The open source repo is available on GitHub at https://github.com/Cascading/cascading.load where the “README.md” file has instructions for build and installation, and the “COMMANDS.md” file has a full list of command line options.

Load can be run in Hadoop as a JAR file:

hadoop jar load.jar param1 param2 .. paramN

Or, after installing on your laptop or server, as a command suitable for use in bash scripts, cron jobs, etc.:

cascading.load param1 param2 .. paramN

Why use Load?

There are a number of good reasons for having a library of functional load tests handy:

  • Generate datasets for load testing your Hadoop cluster.
  • Produce a consistent set of baseline metrics for your Hadoop cluster.
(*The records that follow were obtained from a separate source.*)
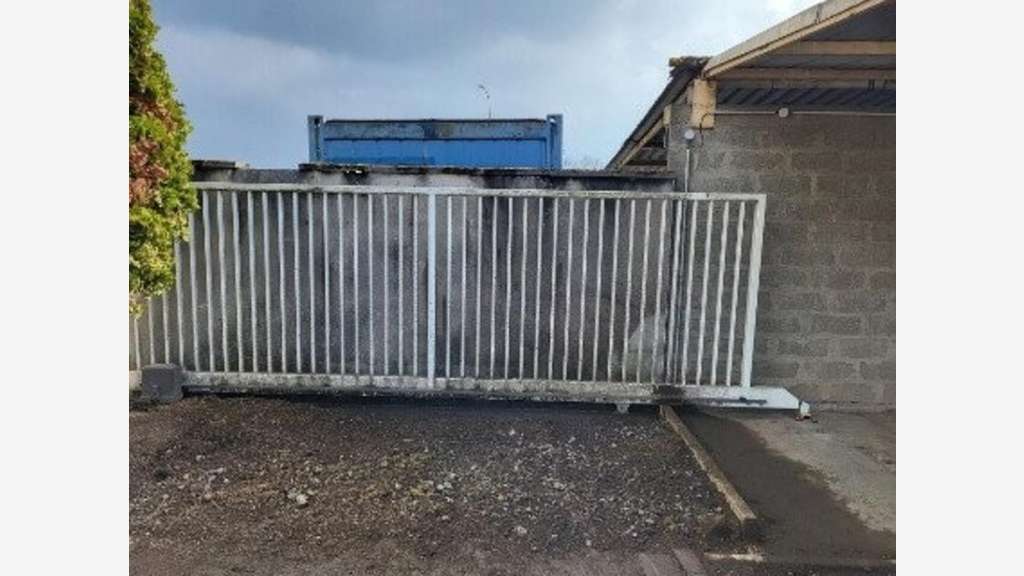 Dépôt + bureau 191m² à louer à Hagondange (57)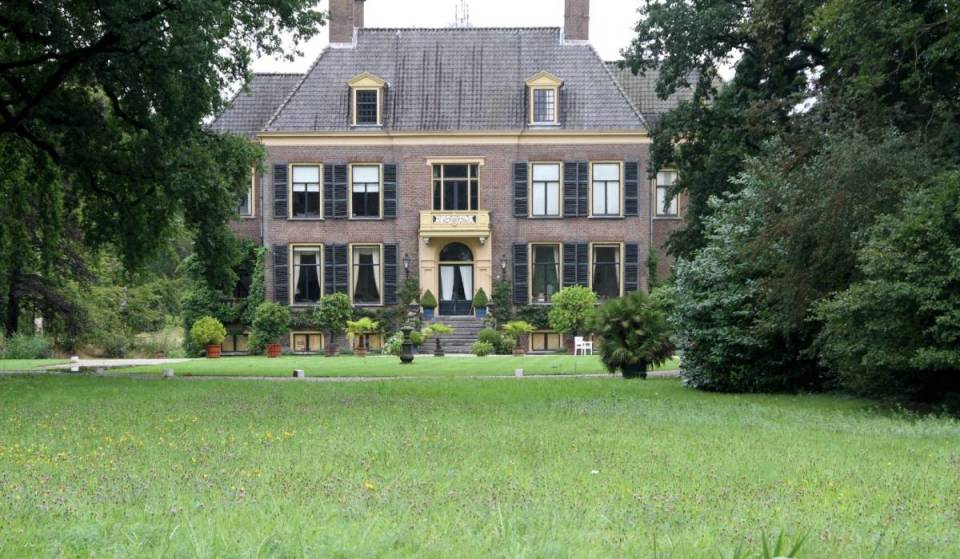 Just an hour’s drive from Amsterdam, an imperial estate lies hidden in the woods, where the last German emperor arrived after his flight with 64 train cars full of gold, silver, and art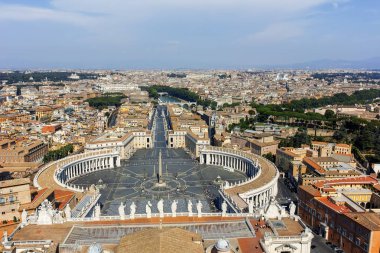 Roma, İtalya - 24 Haziran 2017: Vatikan ve Roma panoramik görünümünden kubbe St. Peter's Bazilikası'na, İtalya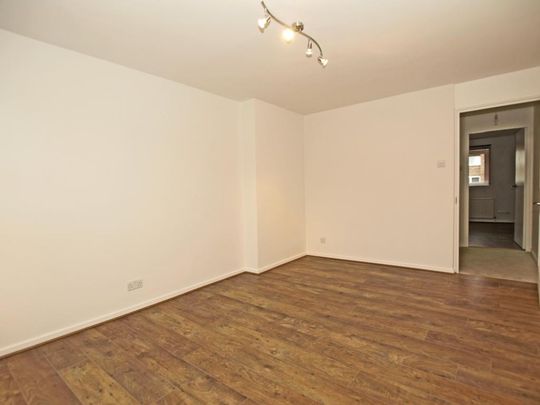 4 bedroom terraced house to rent - Photo 1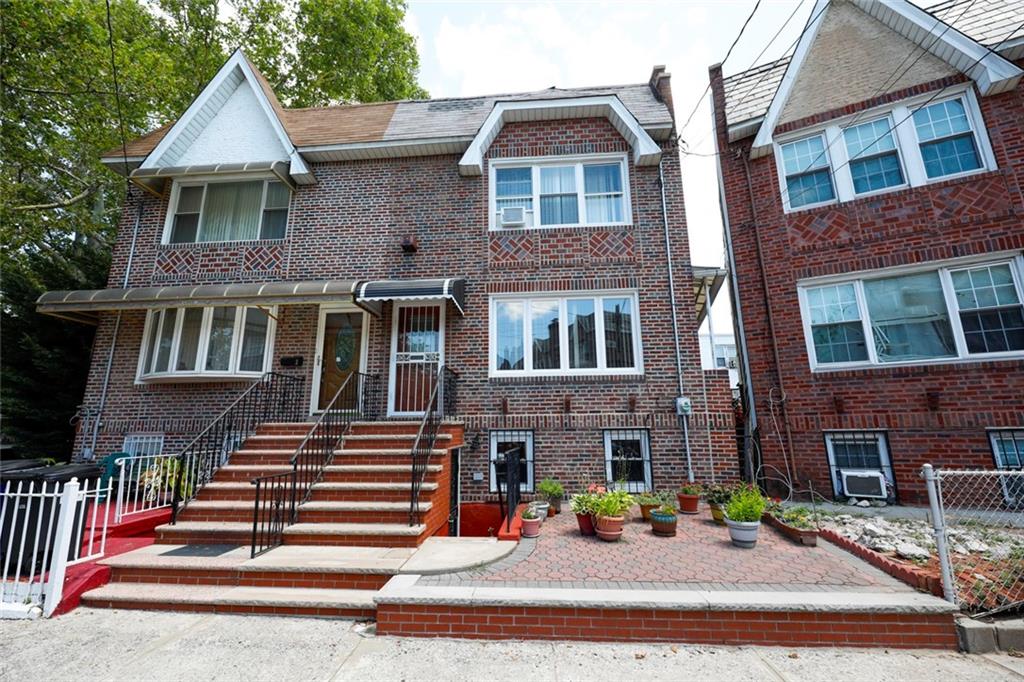 3 Harden Street Property Photo 1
Baseline metrics become particularly useful when you need to modify your cluster. Whether you are tuning Hadoop configuration settings, upgrading hardware, or modifying the switch fabric, Load can produce baseline metrics to help give you an objective, quantitative basis for comparisons.

For example, the generate data app is only one mapper, which makes negligible use of HDFS reads, but substantial use of HDFS writes. Since there is no reducer there is no shuffle phase. So the generate data app provides an excellent way to obtain baseline metrics for HDFS write throughput.

hadoop jar load.jar --generate -I output/nop -O output/gendata

The consume data app provides a complement, since it is only one mapper which reads the data from generate data and makes negligible use of HDFS writes. There the consume data app provides an excellent way to obtain baseline metrics for HDFS read throughput. For another example, the count sort app provides a great way to measure the cost of the shuffle phase on a given cluster configuration.